(Data):

────────────────────

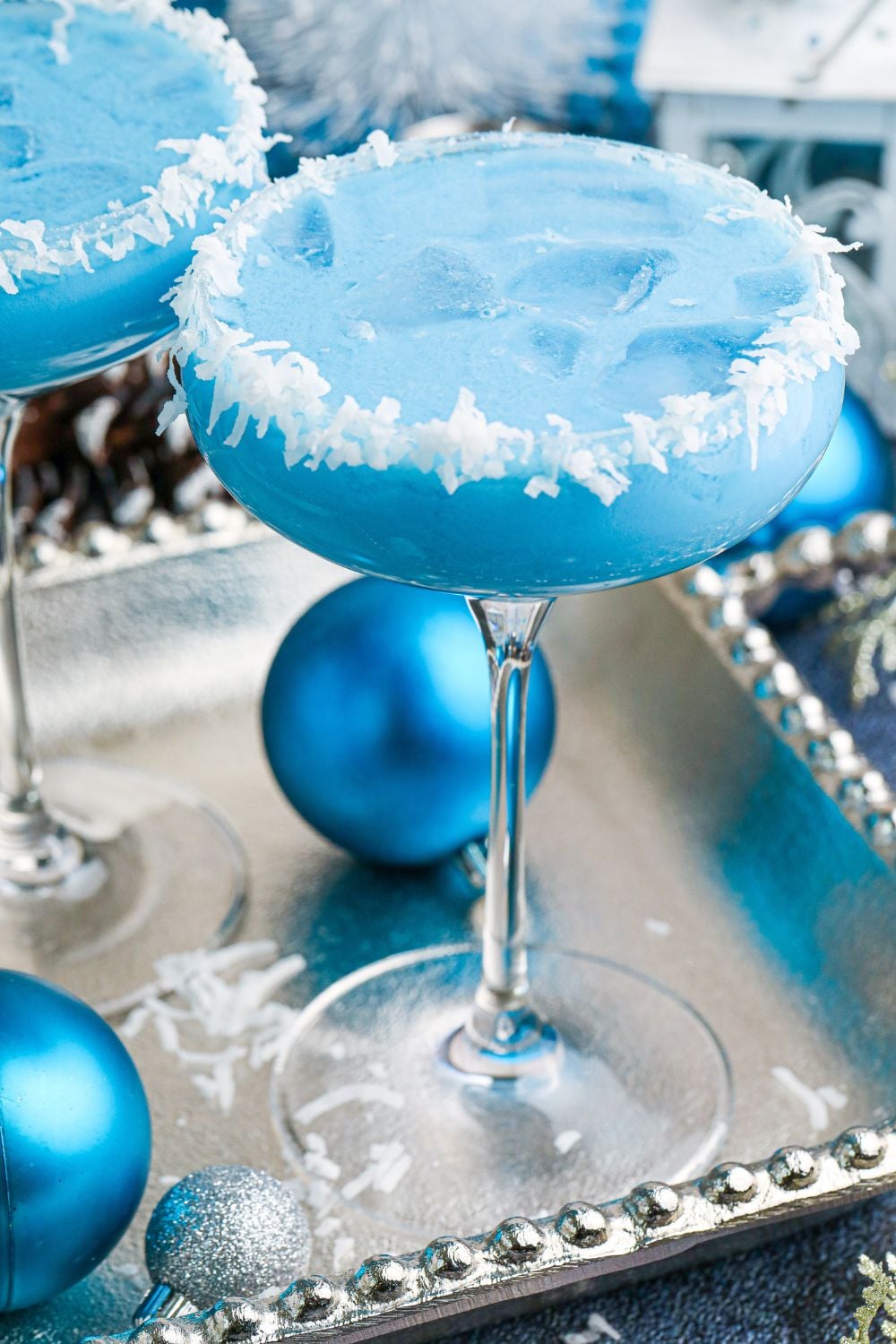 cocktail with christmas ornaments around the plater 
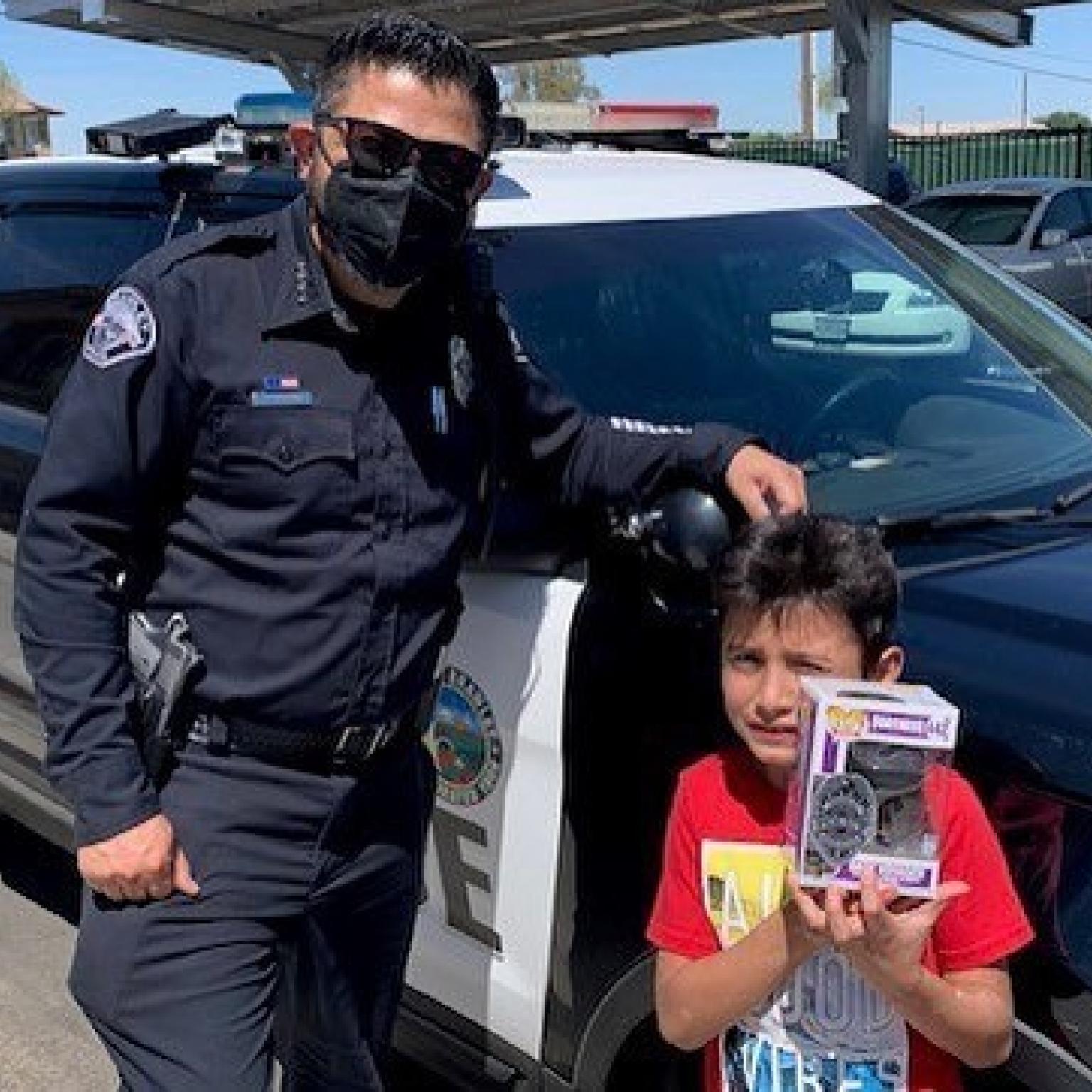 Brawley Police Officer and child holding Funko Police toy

────────────────────

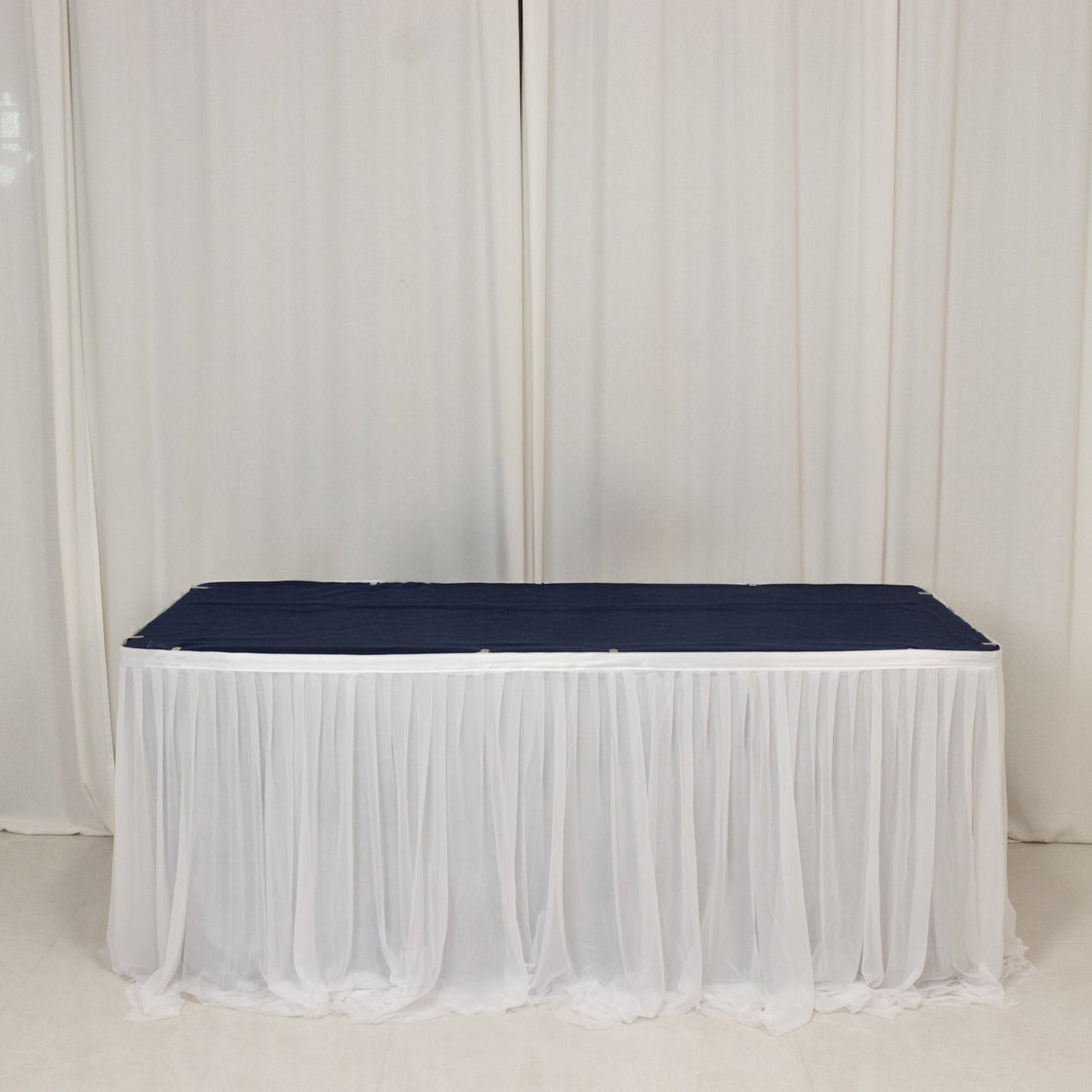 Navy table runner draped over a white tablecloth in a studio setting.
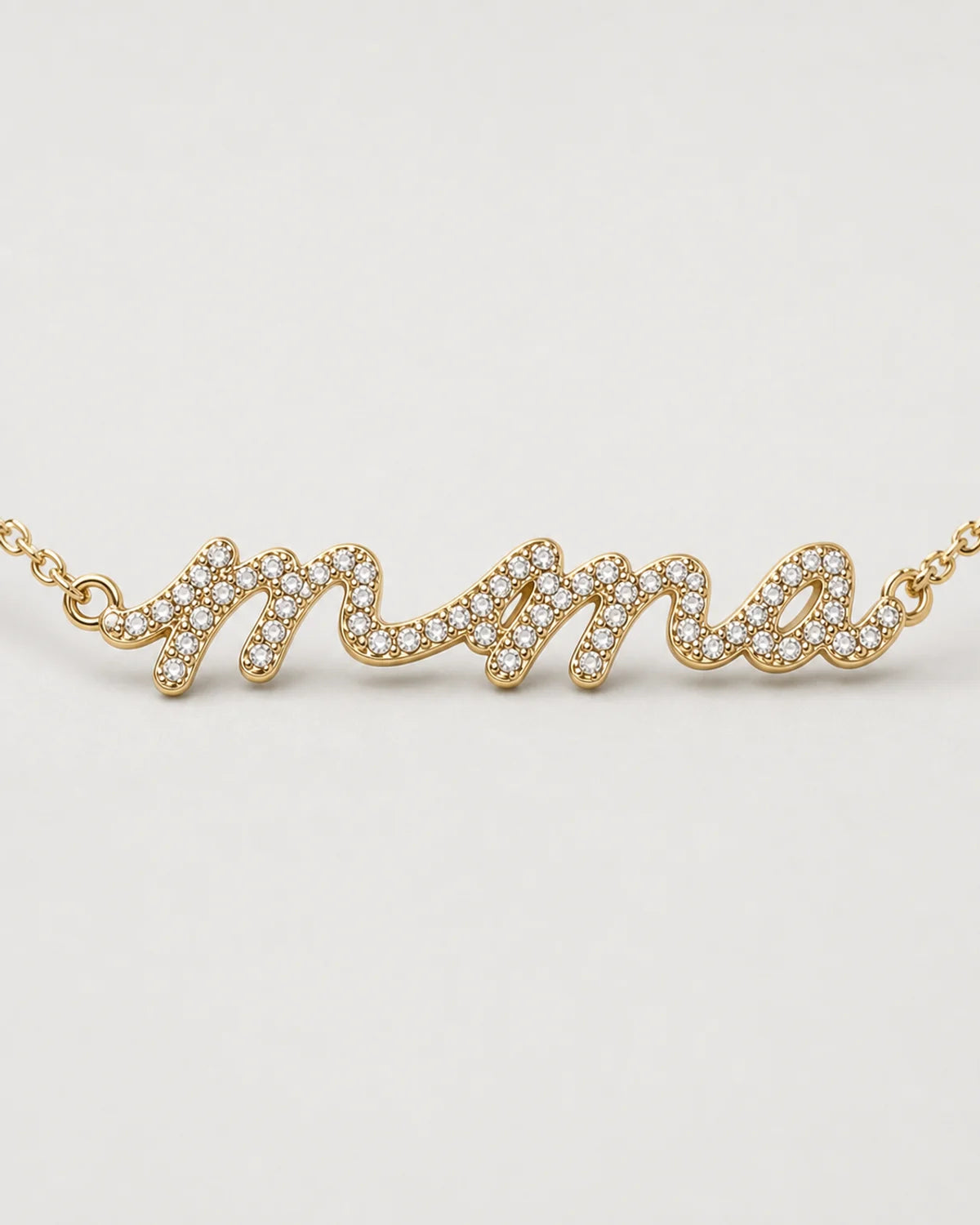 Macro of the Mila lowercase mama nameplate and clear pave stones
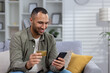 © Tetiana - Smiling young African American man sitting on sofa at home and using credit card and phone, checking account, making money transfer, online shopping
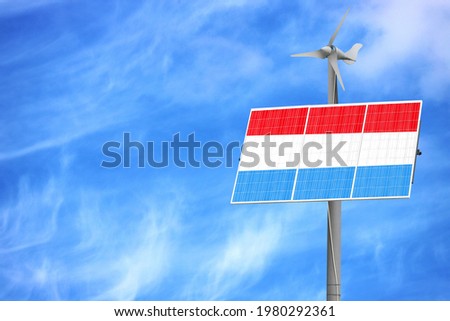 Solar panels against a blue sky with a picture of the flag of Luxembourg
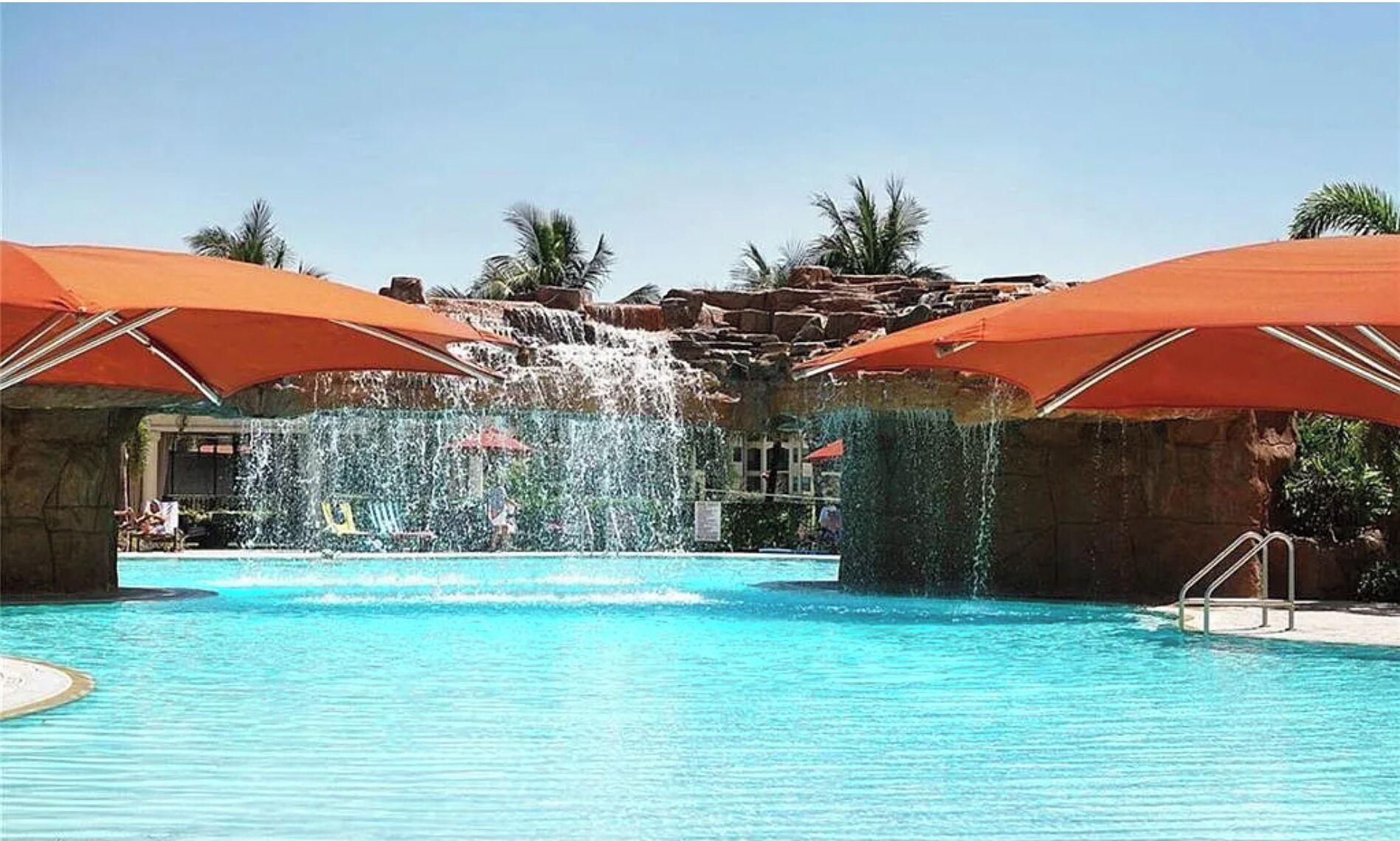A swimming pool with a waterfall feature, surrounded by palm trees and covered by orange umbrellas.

────────────────────

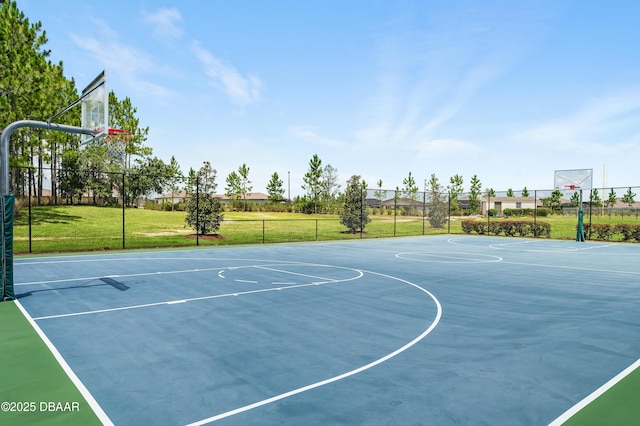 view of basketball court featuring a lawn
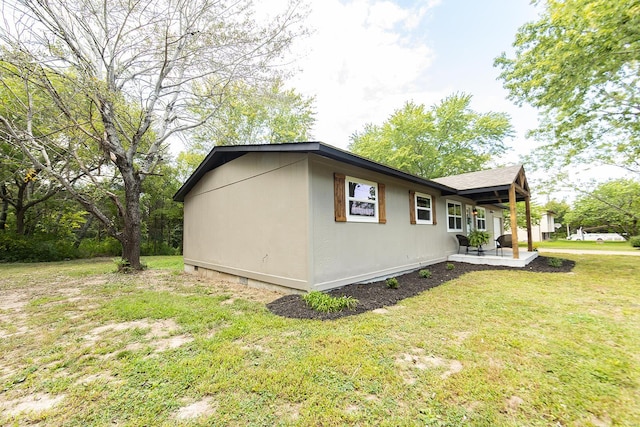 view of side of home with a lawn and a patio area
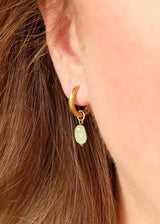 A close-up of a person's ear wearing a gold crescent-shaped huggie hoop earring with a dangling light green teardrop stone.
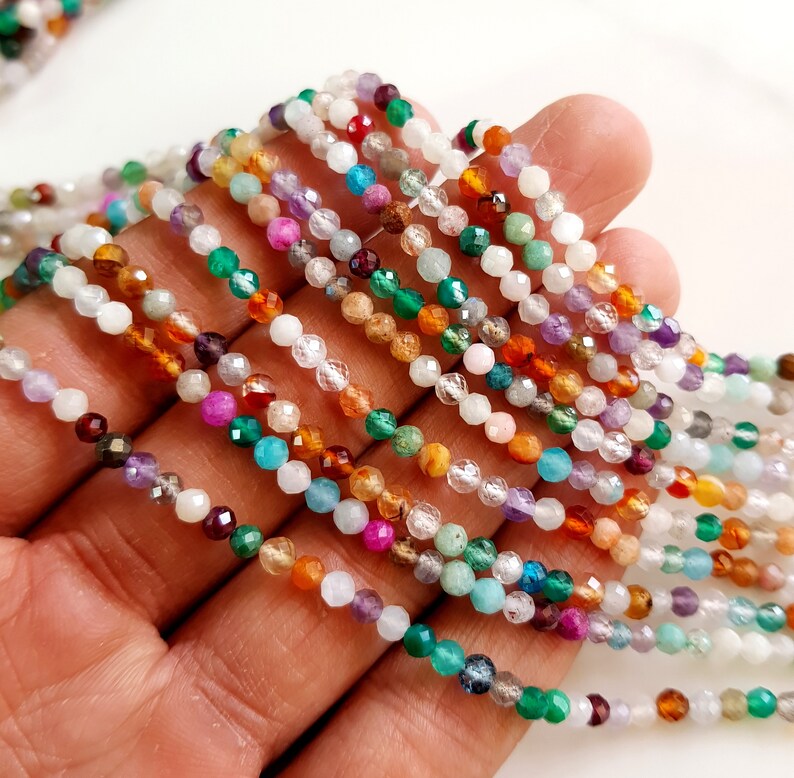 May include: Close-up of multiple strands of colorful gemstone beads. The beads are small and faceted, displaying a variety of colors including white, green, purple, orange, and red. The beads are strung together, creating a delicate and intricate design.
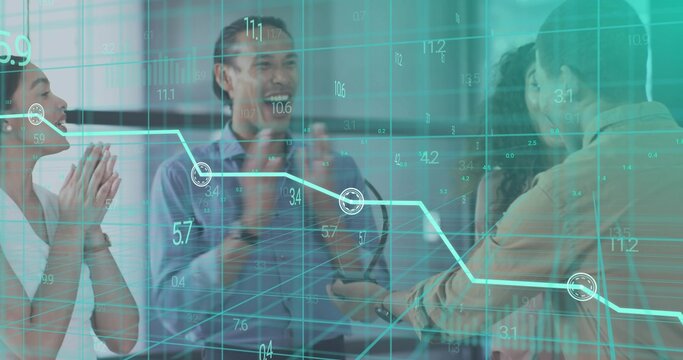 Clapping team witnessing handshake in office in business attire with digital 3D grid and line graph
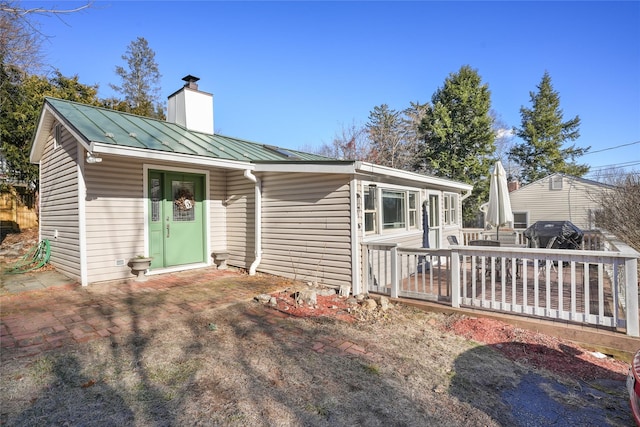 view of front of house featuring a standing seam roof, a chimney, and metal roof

────────────────────

(Problem statement): A word-for-word reproduction is needed of the lines above from the line containing "cocktail with christmas" through the line containing "Brawley Police Officer", with both ends kept and no pictures.

(The completed task):
 cocktail with christmas ornaments around the plater 
 Brawley Police Officer and child holding Funko Police toy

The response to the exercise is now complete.